::: Record set

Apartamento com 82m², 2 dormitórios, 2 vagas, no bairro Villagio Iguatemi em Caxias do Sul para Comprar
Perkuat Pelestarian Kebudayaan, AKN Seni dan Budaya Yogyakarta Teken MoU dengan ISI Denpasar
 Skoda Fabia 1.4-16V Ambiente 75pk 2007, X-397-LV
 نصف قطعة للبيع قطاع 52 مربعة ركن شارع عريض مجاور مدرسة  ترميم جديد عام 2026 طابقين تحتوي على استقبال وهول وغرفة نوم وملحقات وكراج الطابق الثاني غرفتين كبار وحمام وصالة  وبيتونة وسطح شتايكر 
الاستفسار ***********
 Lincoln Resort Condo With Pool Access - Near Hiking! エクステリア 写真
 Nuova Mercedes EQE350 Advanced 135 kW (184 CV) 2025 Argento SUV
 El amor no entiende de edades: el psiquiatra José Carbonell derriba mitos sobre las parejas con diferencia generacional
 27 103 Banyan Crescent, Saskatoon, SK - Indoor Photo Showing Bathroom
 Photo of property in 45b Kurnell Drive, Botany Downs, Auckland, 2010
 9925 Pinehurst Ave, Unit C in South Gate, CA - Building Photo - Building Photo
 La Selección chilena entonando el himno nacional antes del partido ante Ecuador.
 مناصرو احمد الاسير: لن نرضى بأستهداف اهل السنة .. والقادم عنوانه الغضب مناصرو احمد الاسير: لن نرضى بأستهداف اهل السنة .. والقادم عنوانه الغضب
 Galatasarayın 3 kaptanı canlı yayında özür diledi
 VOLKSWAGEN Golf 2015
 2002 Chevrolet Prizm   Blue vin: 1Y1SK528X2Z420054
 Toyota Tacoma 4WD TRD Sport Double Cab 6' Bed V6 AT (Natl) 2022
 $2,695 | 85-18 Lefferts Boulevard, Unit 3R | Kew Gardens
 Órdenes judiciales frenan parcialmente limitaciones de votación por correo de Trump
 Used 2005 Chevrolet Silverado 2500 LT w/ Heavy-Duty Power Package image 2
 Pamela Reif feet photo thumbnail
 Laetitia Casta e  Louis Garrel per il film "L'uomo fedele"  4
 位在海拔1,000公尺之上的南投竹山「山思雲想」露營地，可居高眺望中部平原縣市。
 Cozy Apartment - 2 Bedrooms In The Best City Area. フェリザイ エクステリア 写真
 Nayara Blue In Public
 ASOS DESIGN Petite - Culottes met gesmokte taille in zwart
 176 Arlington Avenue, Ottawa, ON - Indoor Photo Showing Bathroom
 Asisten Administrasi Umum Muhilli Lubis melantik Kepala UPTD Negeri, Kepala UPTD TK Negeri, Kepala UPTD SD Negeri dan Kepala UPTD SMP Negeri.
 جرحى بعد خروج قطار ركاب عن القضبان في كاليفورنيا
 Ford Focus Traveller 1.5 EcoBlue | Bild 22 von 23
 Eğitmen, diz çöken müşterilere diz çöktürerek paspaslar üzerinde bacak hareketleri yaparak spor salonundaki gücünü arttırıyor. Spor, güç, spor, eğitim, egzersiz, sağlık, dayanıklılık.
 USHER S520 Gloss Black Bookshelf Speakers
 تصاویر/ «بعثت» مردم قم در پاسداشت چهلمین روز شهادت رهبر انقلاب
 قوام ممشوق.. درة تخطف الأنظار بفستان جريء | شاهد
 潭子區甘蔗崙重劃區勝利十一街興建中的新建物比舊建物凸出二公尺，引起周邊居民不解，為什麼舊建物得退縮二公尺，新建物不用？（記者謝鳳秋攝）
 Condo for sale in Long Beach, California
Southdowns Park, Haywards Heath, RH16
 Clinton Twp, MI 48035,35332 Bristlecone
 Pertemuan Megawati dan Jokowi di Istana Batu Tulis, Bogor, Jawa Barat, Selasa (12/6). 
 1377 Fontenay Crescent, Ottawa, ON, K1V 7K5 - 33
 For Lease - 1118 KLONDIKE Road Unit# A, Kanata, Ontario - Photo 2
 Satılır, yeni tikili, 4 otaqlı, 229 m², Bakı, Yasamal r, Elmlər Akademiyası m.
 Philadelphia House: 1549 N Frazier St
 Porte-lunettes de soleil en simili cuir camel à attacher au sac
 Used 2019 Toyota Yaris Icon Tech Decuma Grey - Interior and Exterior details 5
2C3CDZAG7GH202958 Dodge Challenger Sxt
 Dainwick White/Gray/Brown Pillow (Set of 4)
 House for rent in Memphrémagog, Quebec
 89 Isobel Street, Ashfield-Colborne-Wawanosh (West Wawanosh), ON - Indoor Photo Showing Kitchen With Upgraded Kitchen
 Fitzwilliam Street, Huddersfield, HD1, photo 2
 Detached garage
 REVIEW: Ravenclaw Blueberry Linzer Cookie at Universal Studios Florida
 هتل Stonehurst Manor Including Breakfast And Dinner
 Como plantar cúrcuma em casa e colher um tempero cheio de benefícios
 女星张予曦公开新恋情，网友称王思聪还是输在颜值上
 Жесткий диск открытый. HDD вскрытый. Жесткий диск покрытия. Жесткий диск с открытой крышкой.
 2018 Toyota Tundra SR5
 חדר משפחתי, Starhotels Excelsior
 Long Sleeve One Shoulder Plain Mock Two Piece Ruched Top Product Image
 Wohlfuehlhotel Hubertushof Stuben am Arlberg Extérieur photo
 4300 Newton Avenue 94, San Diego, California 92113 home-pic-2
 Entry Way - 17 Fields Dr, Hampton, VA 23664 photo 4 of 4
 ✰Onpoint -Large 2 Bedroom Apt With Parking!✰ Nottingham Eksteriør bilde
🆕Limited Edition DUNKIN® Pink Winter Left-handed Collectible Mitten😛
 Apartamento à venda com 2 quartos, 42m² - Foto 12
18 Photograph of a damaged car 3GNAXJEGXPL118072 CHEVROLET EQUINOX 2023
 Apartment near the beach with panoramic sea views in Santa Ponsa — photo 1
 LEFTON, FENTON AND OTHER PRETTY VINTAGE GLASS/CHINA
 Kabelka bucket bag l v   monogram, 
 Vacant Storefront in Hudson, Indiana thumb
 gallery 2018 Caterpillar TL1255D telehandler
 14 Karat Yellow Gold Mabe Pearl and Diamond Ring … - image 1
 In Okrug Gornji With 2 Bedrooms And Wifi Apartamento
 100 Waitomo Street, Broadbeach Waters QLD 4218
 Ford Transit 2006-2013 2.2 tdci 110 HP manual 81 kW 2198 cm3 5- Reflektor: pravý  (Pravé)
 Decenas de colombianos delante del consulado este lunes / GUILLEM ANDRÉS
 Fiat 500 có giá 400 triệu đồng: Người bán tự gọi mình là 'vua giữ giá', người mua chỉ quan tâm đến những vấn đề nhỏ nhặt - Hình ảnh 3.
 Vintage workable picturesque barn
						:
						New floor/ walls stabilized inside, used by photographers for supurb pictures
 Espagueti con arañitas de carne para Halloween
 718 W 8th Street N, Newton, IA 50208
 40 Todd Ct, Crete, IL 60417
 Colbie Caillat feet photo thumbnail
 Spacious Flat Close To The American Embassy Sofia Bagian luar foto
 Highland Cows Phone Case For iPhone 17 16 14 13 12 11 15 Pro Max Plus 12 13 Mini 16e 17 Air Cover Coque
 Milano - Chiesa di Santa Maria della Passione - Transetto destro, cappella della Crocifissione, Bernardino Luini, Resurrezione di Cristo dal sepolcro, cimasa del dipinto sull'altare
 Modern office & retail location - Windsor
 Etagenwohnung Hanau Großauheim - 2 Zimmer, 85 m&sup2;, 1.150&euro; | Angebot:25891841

::::::

* **Task instructions**:
After locating the line holding "El amor no entiende" above, output exactly that line and every line after it through the line holding "VOLKSWAGEN Golf 2015". Include nothing else.

* **Answer section**:
 El amor no entiende de edades: el psiquiatra José Carbonell derriba mitos sobre las parejas con diferencia generacional
 27 103 Banyan Crescent, Saskatoon, SK - Indoor Photo Showing Bathroom
 Photo of property in 45b Kurnell Drive, Botany Downs, Auckland, 2010
 9925 Pinehurst Ave, Unit C in South Gate, CA - Building Photo - Building Photo
 La Selección chilena entonando el himno nacional antes del partido ante Ecuador.
 مناصرو احمد الاسير: لن نرضى بأستهداف اهل السنة .. والقادم عنوانه الغضب مناصرو احمد الاسير: لن نرضى بأستهداف اهل السنة .. والقادم عنوانه الغضب
 Galatasarayın 3 kaptanı canlı yayında özür diledi
 VOLKSWAGEN Golf 2015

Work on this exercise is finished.